Following one of the least volatile years in decades, 2018 quickly reminded us that volatility is just around the corner, and in an unpredictable fashion, can return with a vengeance. Global markets were down almost everywhere, with December being the worst December since the 1930’s.
2017 ended with positive returns, reasonable inflation, good GDP growth, strong earnings growth and synchronized global growth for the first time since 2008. Despite the positive outlook for 2018 at the end of 2017, several economic and geopolitical developments have been attributed to the market gyrations of 2018:
- Increasing trade friction between the U.S. and its trading partners.
- Troubled Brexit negotiations in Europe.
- Slowing economic activity.
- Rising short-term interest rates leading to tighter financial conditions.
- Flattening yield curve and concern for a potential recession in the short term.
Whatever the reasons, volatility such as what we experienced in 2018 can be overwhelming and cause us to be anxious at times. However, we must accept that volatility in the markets is normal and needs to be weathered with patience and conviction that they are temporary. Steep market declines exceeding 10% are common. Historically, losses of 15% or more happen every 1.5 years on average, despite markets showing annual positive returns in 29 of the last 38 years.* The fact is, market volatility is not always a bad thing as it creates opportunity to add higher-quality businesses at reduced prices.

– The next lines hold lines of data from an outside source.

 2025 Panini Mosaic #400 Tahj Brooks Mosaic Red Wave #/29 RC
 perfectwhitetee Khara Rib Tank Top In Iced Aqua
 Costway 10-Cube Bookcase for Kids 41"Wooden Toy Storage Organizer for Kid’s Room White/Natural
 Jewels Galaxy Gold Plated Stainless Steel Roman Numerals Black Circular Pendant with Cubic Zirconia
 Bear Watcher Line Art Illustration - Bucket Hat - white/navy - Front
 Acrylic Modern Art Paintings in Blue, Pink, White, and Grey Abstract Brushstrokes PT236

Despite current negative headline news and concerns for reduced global growth, current conditions suggest a cautiously optimistic outlook for markets in 2019.

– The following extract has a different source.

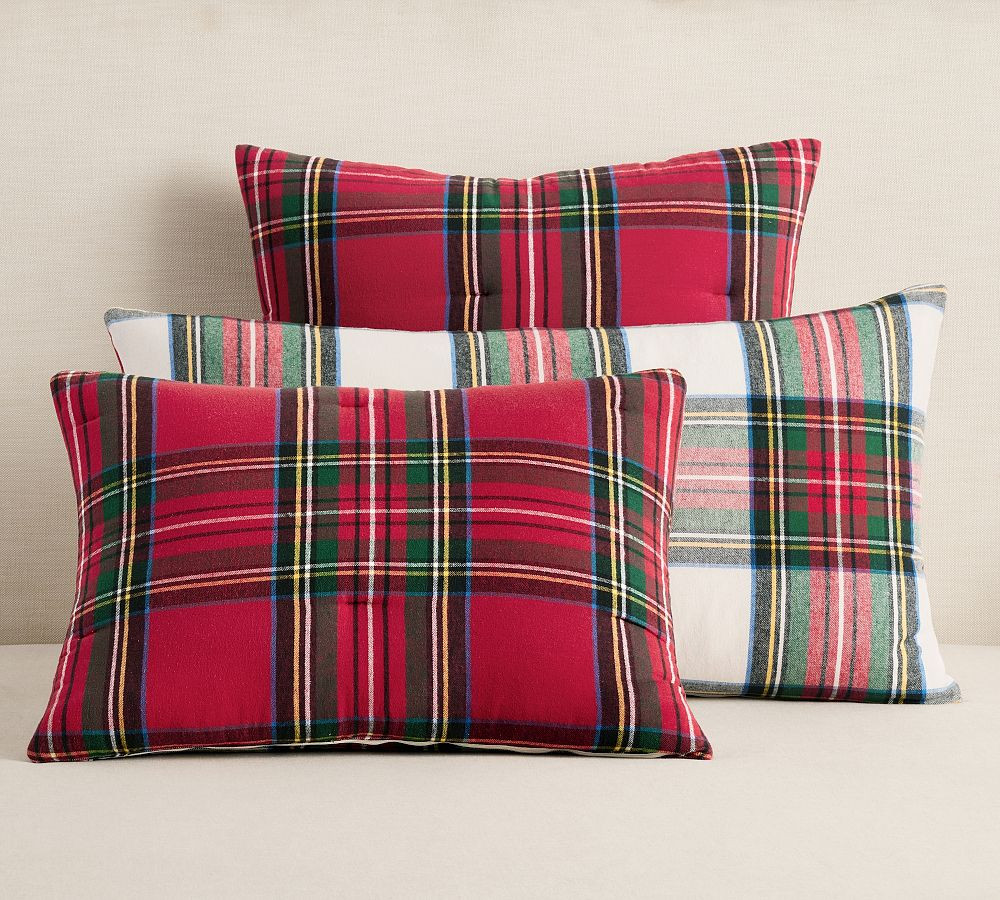 Stewart Plaid Flannel Reversible Comforter Sham | Pottery Barn (US)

- Most leading indicators suggest that recession probabilities in the short term are relatively low. **
- Real rates continue to be low by historical standards.
- Inflation remains moderate.
- Current valuation levels in Europe, Asia and especially in Canada have created some attractive risk/reward opportunities.

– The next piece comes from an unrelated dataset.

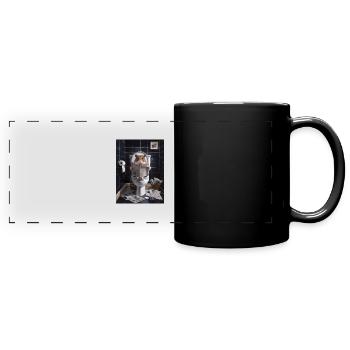 Hamster Toilette Zeitung lesen Geschenk - Panorama-Tasse farbig - Schwarz - Vorne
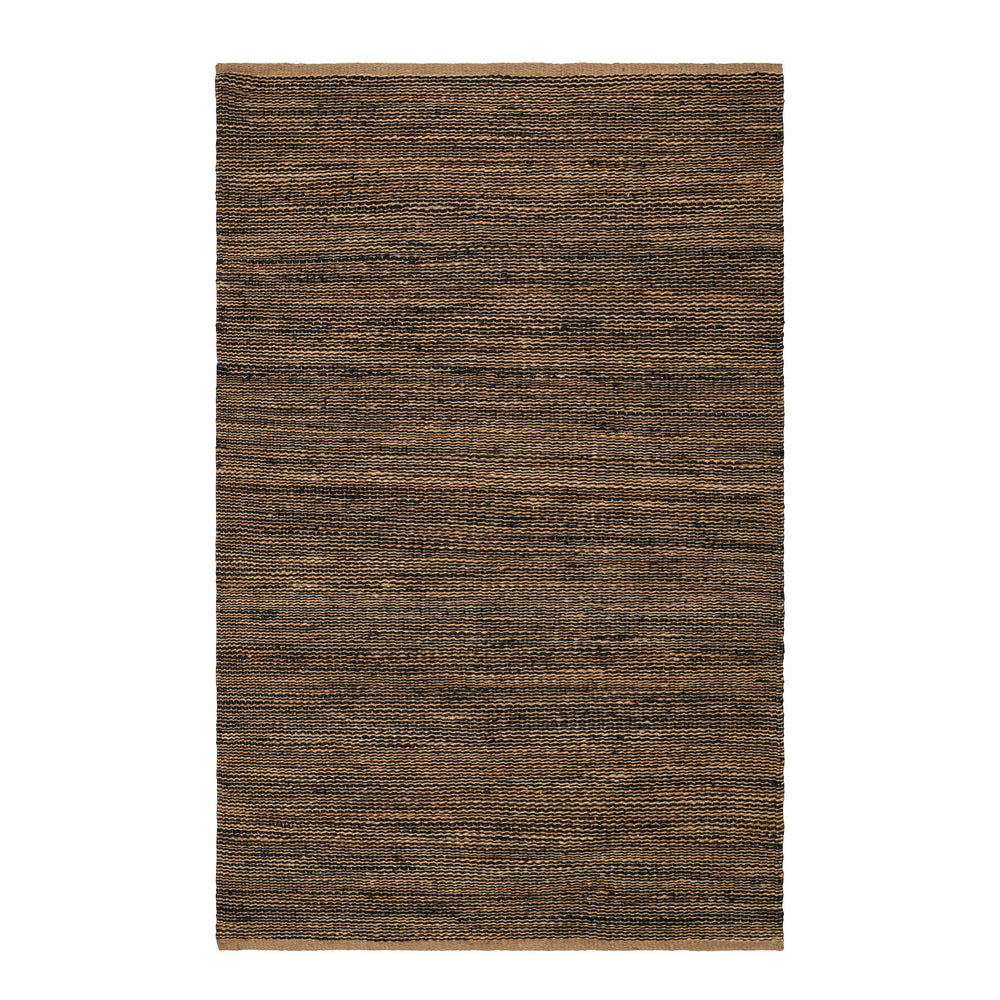Striped Handwoven Jute Rug | Black/Natural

- Central banks seem sensitive to the risk of hiking interest rates too much too fast.
- In the absence of recession, the market tends to recover faster.
- History suggests investors can profit from market declines. ***
While it can be difficult to set aside short-term distractions and maintain a long-term goal oriented perspective given all the negative headline news we are bombarded with, what helps is looking back over the longer term. The most recent market decline could be viewed as a temporary setback in an otherwise strong upward run. Most importantly of all, this short term correction will not impede a good long term plan.
Moving forward, we are balancing the need for downside protection with the opportunity cost of not participating in an equity market upside. Our goal over the short term is to continue to add diversified strategies that give us lower correlation to traditional markets in order to reduce volatility within our portfolios but still cautiously participate in any potential upside.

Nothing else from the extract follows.